2016 August 29th
Today we have a very unhappy Mona Charen writing about “Clinton’s
felonious friends in Virginia.” We must not blame Ms. Charen for being unhappy;
if she weren’t unhappy about something, what would she write about in her
column? Unhappiness is the stock in trade of all columnists and, I am forced to
say, of this blog as well. I am unhappy with Ms. Charen’s unhappiness and so I
have a theme for today. It’s all very convoluted.
Charen is unhappy with Virginia’s Governor, Terry McAuliffe,
who has restored the voting rights of many convicted felons. She does not
disagree with the result; she claims to be “open to the idea of restoring
rights” to these people. She objects very strongly, and over many paragraphs to
the method. McAuliffe did this restoration by using executive powers of various
kinds, pardon, clemency and so on. Charen believes he should have persuaded the
Virginia Legislature to change the law instead of going the Obama route (my
term).
Charen points out that Governor McAuliffe’s action is
unprecedented. She writes, “Never before have any of the prior 71 Virginia
Governors issued a sua sponte clemency order of any kind, whether to restore
civil rights or grant a pardon to an unnamed class of felons without regard for
the nature of their crimes or any other individual circumstance relevant to
their crime.” Fifty word sentences like this keep Charen from arriving quickly
at the point of her message. (Sua sponte is Latin for of its own accord, that
is without prompting.
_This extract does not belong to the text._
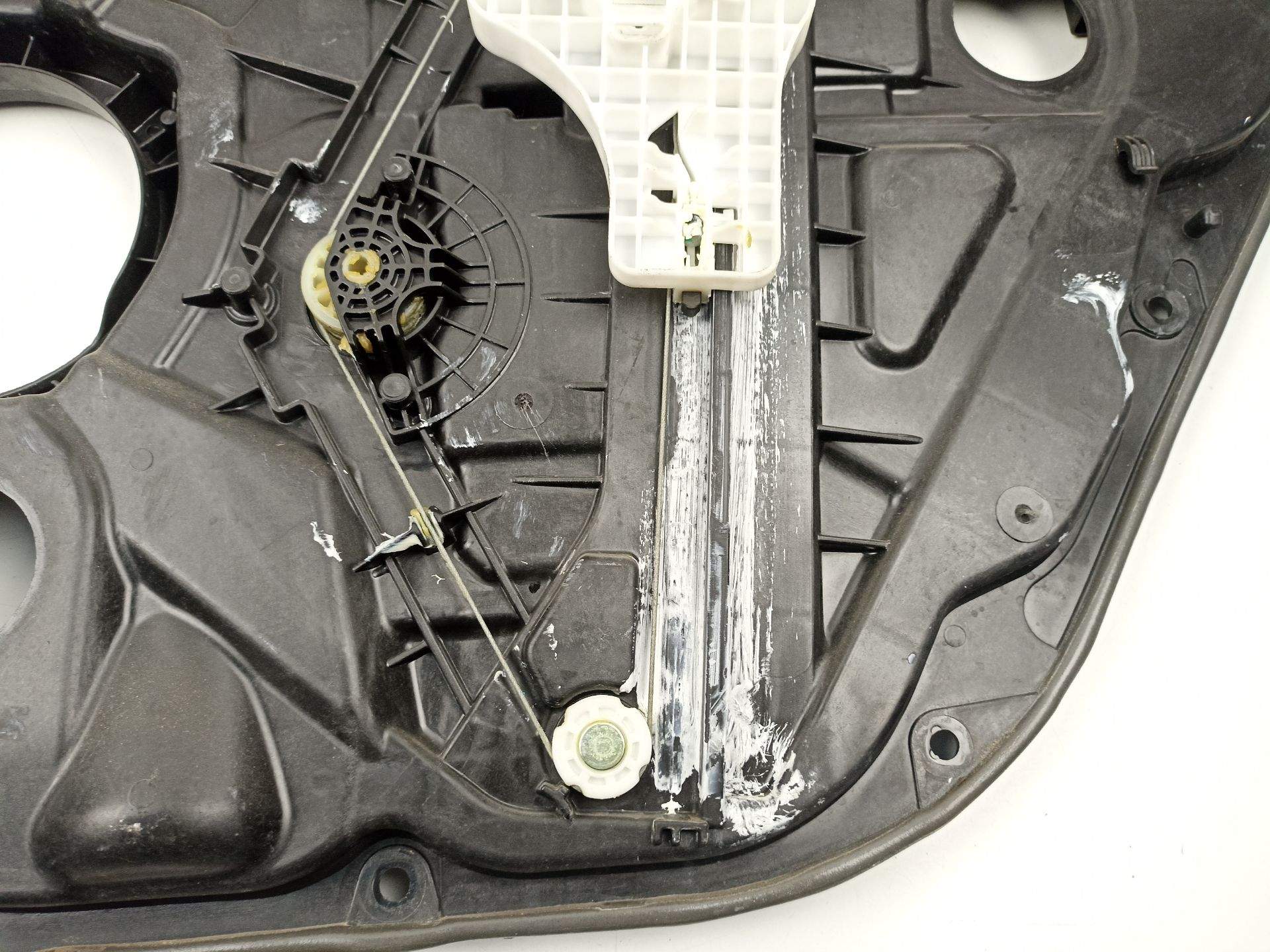 ELEVALUNAS TRASERO IZQUIERDO KIA CARENS IV 83450A4010 83450A4010 - Vista 3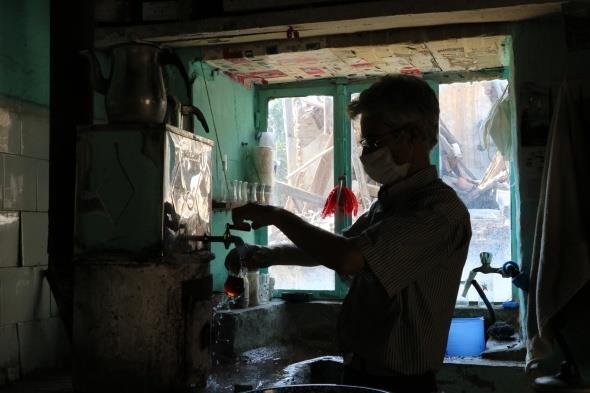 Lbbey'den g eden ancak kyde evi bulunan baz kiilerin de korona virs nedeniyle hafta sonlar kye geldiini syleyen Gler, kendisinin de hafta sonlar ailesiyle birlikte ky evinde yaadn ifade etti. Mehmet Gler, &#8220;Bu ky, Lidyallar zamanna dayanyor. nsanlar ok uzun sre burada yaam.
Charen is a law school graduate and so is inclined to
insert some scholarly Latin phrases where possible.) The point Charen makes,
that if a thing has never been done before, that is a good reason for not doing
it now, seems like a fine conservative position. I wonder if that has a Latin
name.
The Virginia General Assembly, which would have to agree to
any change in the law about enfranchising felons, is two-thirds Republican and one-third
Democrat. It is obvious from that imbalance that Governor McAuliffe should not waste
his time trying to get a change in the law. Happily, the public agrees with the outcome he
has produced anyway: 65 percent are in favor of restoring voter rights so
Governor McAuliffe will lose few votes over his action.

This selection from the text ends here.